Work instruction
In the entries below, find the line with "人SNRPB2重组蛋白" and the line with "医院文化挂图 男性前列腺剖面模拟图 人体解剖知识宣传画海报制作". Print those two and everything between them exactly, and nothing else.

Records shown

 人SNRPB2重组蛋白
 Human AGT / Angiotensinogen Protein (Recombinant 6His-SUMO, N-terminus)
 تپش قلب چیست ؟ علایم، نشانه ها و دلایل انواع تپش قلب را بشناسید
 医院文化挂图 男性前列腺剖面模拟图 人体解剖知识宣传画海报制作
...
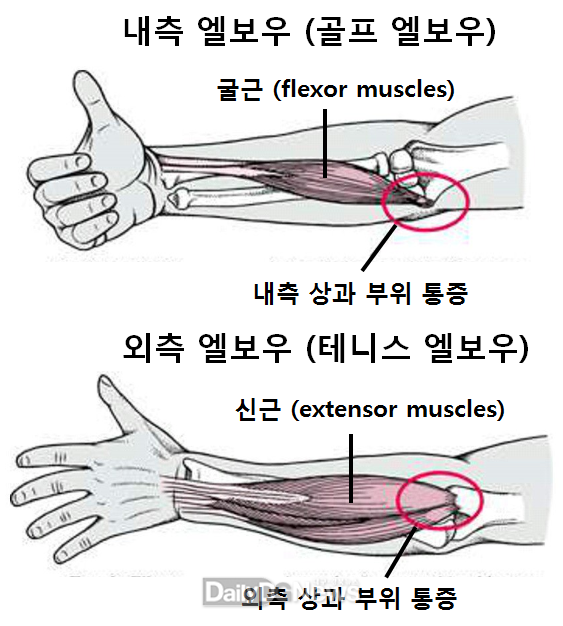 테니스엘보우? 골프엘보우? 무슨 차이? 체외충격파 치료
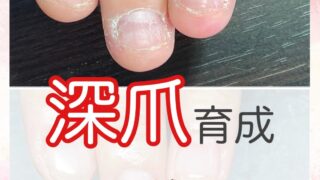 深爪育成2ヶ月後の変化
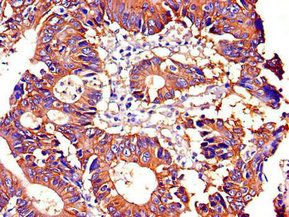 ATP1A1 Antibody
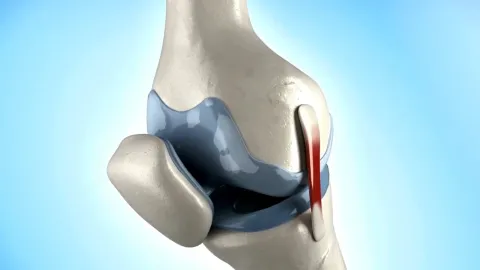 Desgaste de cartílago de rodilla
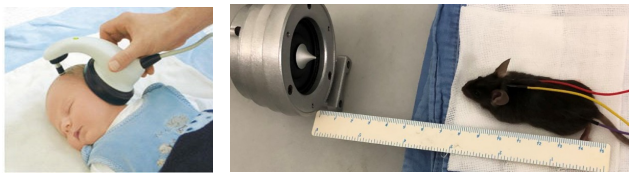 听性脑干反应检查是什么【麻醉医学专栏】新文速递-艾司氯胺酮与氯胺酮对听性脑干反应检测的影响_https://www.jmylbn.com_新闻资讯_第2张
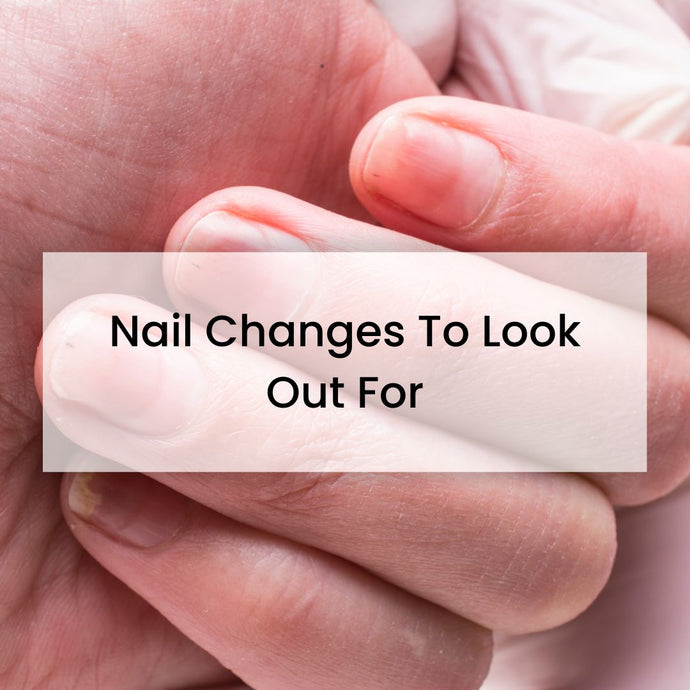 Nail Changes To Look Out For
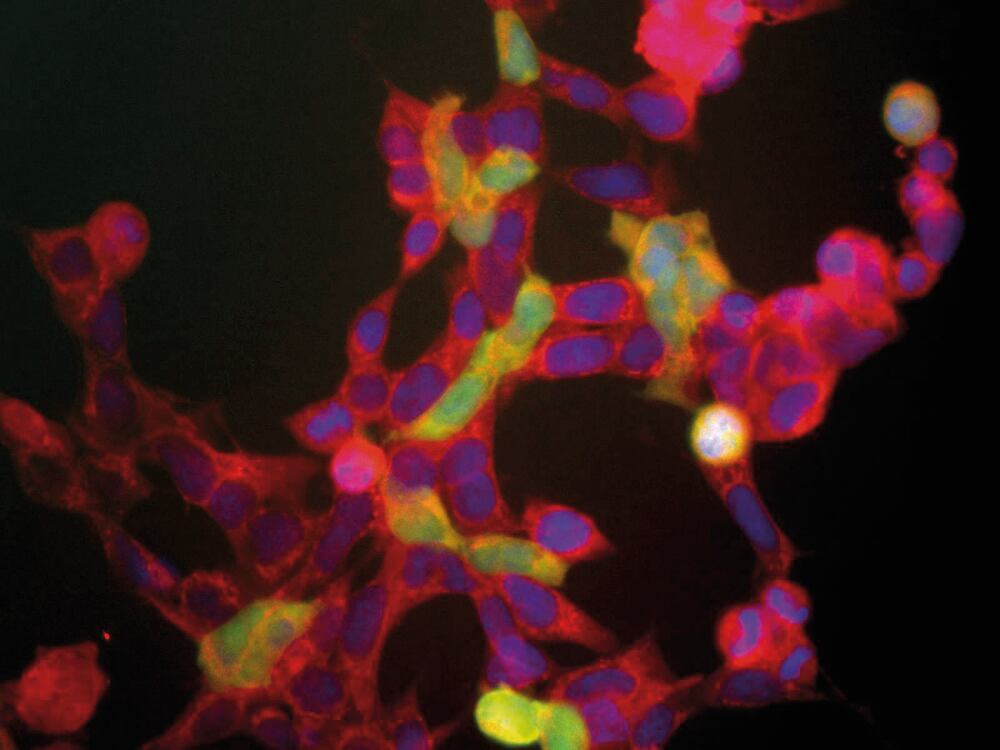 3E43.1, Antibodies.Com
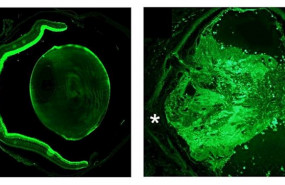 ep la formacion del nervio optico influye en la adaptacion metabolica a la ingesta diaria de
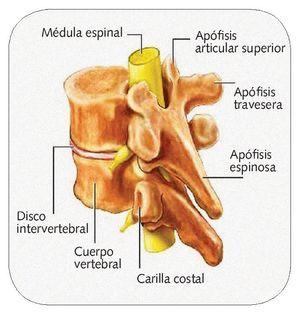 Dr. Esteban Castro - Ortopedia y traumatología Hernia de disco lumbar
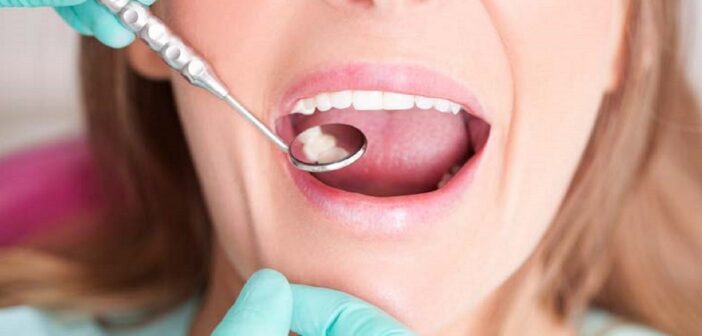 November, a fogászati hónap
...
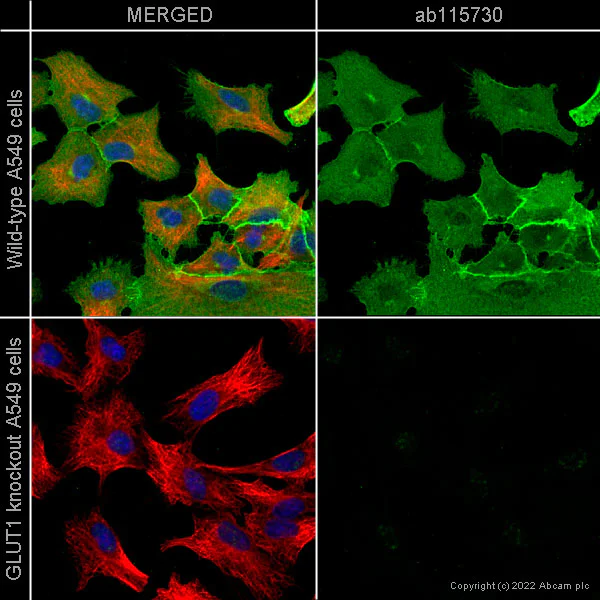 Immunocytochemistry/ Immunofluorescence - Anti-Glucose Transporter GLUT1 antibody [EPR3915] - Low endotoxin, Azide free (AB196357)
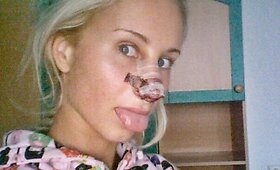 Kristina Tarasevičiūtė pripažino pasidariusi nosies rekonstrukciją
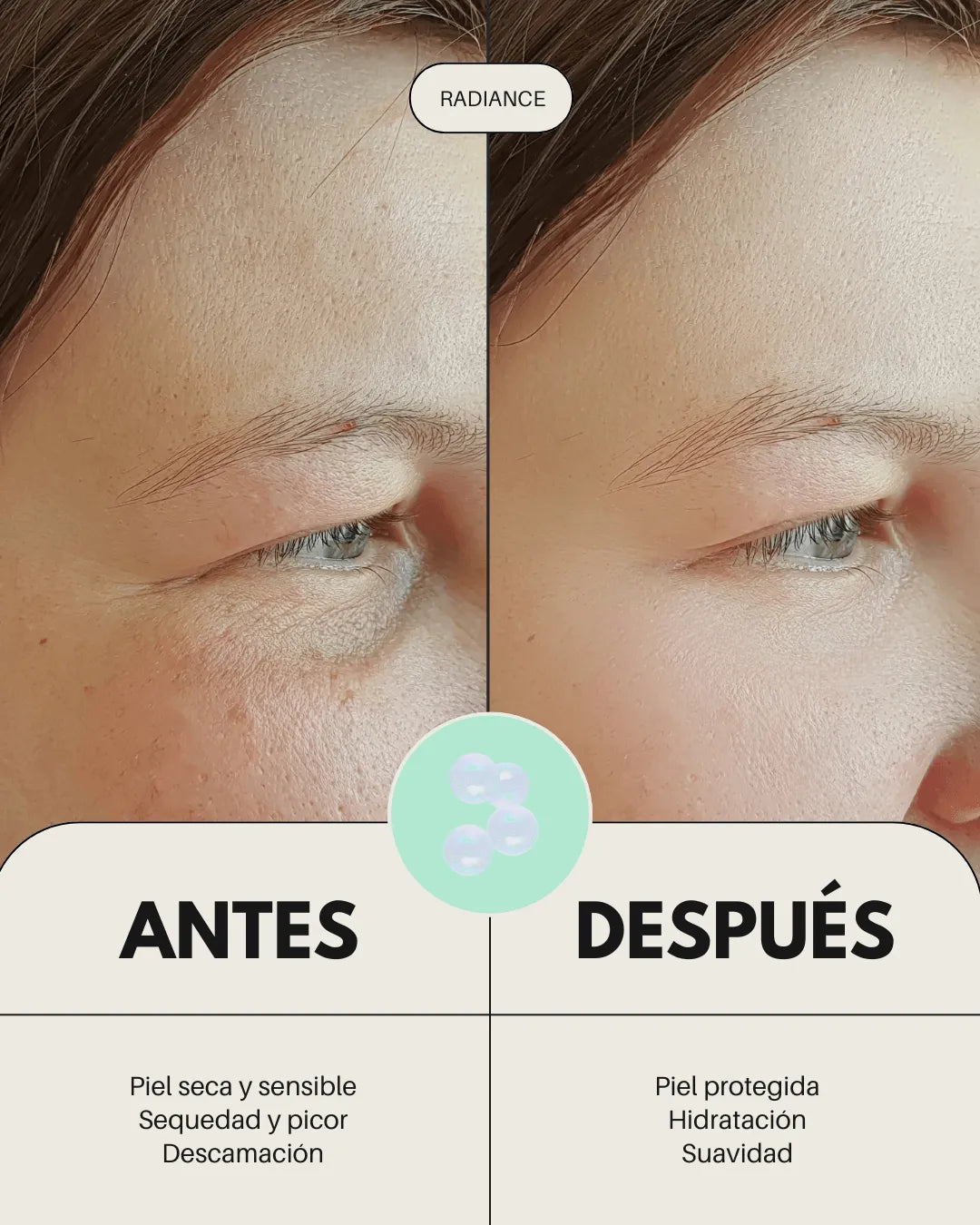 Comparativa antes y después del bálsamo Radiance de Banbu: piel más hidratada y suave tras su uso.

Task output
 人SNRPB2重组蛋白
 Human AGT / Angiotensinogen Protein (Recombinant 6His-SUMO, N-terminus)
 تپش قلب چیست ؟ علایم، نشانه ها و دلایل انواع تپش قلب را بشناسید
 医院文化挂图 男性前列腺剖面模拟图 人体解剖知识宣传画海报制作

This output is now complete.